It is a mistake to look to political leaders for any improvement.  We have, as the saying goes, the leaders we deserve.  An ignorant, undisciplined people is condemned to be misruled by ignorant and undisciplined leaders.

Then, what is to be done?  If the collapse of American education is one of the explanations for the decline in the quality of our political leaders, it would be reasonable to expect that a restoration will come about with the reform of education.  Unfortunately, American education becomes noticeably worse every year, and the young Ph.D.’s I run into these days could not have held their own in an intelligent conversation with a college graduate from the 1950’s or a high-school graduate from the 1930’s.  (A similar decline took place between the 1880’s and the 1930’s.)

If you will not take my word for it, you have only to listen to the prominent members of the professoriate who are interviewed on NPR or public television.  A duller set of semiliterates has never corrupted the youth, and like the students whose minds and character they ruin, the professors get noticeably more stupid and less grammatical every ten years, and the problem is only aggravated by the ill-intentioned education-reform movements that periodically sweep over the U.S. Department of Education and the various state departments.  Under Bill Clinton, we had to endure the dim-witted Richard Riley, calling for volunteers to teach children to read after the most expensive system of education in the history of the world had failed on this most elementary level, but, while Clinton and Riley at least paid lip service to local control of education, George W. Bush further nationalized schooling by imposing a failed Texas system on the entire country.  If either Bush or Obama wished to improve education, they might have begun with themselves.

 

That is the point.  Education reform begins at home, with ourselves and our children, and once we have undertaken the cultivation of our own minds, we might be able to work with others to establish or improve a local school.  My friend Mark Atkins is an excellent case in point.  A victim of modern education, Mark did not permit his ignorance to stand in the way of building a successful business, but, unlike so many successful entrepreneurs, he decided to use his money—and the free time it bought—to accomplish two not-unrelated dreams: his own acquisition of a humane education and the establishment of an authentic school in his ancestral village of Cottage Grove, Tennessee (pop. 180), a crossroads located 13 miles (via State Route 69) from Paris, the county seat of Henry County (pop. 9,763), with its very own replica of the Eiffel Tower.

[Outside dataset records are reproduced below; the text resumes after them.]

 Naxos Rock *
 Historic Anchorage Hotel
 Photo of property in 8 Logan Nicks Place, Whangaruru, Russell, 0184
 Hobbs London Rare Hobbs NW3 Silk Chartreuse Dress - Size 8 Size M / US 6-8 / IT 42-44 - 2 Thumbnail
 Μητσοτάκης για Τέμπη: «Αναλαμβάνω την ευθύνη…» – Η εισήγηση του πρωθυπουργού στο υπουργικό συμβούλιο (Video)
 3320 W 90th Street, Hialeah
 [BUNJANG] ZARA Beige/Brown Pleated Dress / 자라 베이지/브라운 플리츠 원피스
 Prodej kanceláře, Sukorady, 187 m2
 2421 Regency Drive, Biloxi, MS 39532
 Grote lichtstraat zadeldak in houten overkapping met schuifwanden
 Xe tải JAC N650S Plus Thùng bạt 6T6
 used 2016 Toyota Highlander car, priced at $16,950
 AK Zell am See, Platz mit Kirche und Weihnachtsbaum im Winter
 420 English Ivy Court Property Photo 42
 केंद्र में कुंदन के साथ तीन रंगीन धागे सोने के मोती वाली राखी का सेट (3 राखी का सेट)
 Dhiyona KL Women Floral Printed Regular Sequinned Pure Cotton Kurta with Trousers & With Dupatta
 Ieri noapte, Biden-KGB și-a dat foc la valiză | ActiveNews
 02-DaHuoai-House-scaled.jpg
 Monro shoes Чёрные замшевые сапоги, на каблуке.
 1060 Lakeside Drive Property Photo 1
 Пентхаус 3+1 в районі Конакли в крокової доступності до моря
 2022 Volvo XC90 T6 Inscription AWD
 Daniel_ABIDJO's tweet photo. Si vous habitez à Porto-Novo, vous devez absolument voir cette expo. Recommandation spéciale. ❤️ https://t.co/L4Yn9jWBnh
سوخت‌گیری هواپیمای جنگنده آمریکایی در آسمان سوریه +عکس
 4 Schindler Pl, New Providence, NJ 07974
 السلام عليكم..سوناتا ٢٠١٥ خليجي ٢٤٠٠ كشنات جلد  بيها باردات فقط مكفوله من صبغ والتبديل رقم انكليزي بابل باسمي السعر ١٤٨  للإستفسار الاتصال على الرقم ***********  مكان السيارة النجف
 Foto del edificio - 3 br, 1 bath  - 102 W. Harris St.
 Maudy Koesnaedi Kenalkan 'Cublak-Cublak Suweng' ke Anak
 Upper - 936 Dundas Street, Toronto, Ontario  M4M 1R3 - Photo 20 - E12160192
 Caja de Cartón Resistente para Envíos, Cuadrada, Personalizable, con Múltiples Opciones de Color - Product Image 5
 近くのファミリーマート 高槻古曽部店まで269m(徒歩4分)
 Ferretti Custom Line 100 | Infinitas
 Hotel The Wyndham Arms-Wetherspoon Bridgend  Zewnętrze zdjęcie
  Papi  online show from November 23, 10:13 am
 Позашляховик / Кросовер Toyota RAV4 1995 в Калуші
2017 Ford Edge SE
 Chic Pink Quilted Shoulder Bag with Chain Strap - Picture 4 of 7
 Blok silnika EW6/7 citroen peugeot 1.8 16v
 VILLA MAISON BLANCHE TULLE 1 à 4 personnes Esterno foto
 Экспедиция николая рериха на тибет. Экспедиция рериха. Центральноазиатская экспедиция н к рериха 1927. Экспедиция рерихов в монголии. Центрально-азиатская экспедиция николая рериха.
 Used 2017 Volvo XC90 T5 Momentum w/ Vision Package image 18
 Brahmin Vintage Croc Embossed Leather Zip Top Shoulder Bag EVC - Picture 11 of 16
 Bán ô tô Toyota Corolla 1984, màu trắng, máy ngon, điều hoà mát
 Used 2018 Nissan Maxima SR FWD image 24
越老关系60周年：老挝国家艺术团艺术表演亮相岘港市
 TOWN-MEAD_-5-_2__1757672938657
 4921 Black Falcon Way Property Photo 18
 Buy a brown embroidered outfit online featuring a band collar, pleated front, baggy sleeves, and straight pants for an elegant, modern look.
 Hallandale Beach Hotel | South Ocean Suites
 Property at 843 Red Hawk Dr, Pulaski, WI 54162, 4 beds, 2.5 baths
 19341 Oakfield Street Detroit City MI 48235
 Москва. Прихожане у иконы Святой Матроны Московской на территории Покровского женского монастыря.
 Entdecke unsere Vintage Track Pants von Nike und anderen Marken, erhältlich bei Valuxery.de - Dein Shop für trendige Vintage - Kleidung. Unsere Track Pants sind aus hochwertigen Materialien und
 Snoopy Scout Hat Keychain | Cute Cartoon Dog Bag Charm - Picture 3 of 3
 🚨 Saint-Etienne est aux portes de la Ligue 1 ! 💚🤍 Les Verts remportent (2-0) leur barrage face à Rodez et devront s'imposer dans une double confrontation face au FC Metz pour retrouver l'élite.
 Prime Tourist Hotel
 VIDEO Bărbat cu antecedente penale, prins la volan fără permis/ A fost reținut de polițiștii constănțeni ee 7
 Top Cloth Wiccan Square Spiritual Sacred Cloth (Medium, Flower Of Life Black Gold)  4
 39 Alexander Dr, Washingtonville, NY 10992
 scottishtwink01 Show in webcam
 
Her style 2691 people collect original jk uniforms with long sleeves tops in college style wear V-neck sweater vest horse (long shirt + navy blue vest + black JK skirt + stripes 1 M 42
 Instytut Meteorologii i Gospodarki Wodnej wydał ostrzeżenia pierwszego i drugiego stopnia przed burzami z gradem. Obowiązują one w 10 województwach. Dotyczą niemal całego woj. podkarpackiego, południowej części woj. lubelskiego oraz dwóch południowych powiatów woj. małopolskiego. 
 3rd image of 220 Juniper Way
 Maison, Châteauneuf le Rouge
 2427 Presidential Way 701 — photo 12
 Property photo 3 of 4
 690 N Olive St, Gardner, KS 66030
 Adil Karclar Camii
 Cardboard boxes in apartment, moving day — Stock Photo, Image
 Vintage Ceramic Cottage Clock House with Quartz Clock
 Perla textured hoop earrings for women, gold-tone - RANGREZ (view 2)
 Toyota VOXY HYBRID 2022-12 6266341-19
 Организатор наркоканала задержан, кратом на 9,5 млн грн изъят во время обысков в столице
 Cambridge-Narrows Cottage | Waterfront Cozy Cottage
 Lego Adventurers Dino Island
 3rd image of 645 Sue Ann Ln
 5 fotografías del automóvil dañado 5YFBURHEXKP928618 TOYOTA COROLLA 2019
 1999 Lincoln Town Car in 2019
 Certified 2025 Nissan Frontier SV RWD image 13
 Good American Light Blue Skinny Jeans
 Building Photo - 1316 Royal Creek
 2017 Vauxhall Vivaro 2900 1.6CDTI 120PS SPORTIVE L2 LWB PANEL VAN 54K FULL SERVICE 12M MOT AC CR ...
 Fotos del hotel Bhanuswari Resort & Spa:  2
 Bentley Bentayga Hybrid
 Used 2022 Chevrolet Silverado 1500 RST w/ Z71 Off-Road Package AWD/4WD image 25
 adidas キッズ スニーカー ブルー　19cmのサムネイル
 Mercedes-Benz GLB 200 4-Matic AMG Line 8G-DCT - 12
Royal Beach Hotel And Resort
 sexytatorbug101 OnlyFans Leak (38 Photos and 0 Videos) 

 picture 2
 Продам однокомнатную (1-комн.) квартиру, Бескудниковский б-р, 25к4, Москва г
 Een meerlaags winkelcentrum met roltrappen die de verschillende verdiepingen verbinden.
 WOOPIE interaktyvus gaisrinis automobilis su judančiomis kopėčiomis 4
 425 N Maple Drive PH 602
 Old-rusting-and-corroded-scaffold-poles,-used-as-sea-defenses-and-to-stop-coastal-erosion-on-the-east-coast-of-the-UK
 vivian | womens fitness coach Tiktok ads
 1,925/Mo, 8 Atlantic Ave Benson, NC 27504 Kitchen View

Henry County—much less Paris—seems an unlikely place to begin a restoration of the classical curriculum, but Mark’s mother taught in the Cottage Grove School, and the landscape is salted with the bones of his ancestors.  When the school district closed the Cottage Grove Elementary (formerly K-12), Mark, who had moved back to the village, bought the building and housed his fledgling school in one or two rooms.  He intends to expand.

The Cottage Grove School, as it proclaims in every description and pamphlet, is Christian, classical, and Southern.  The inspiration for the curriculum, he informs me, was my own writings and lectures on the classical tradition.  Seduced by this agreeable if dangerous flattery, I agreed to chair the advisory board, and although the school expects only ten students (from grades one to eight) next year, those ten children will spend their days learning Latin and French, math and science, history and geography, and the English language and its literature.  Students are required to read, in and out of class, the classics of English and American literature, and, because education is not simply an affair of the mind, they are given explicit instruction in manners.  They do not talk out of turn or fail to “make their manners” to their teachers and to one another.

Some visitors to the school, seeing the picture of Bedford Forrest, have pronounced it too Southern, but in addition to the portraits of such Tennesseans as Andrew Jackson and James K. Polk and Southerners of the caliber of Washington, Jefferson, Madison, and Calhoun, there are pictures of Shakespeare and Johnson, as well as maps and depictions of ancient Rome and historic places in Europe.  From this village school, these Tennesseans will emerge with pride in their own state and its history but also a wider understanding of the civilization in whose ruins we are living.

The restoration of the classical curriculum will not regenerate the American elite, much less the character of the American people, but it is a step backward, and, in the upside-down world in which we find ourselves, a step backward is a step in the right direction.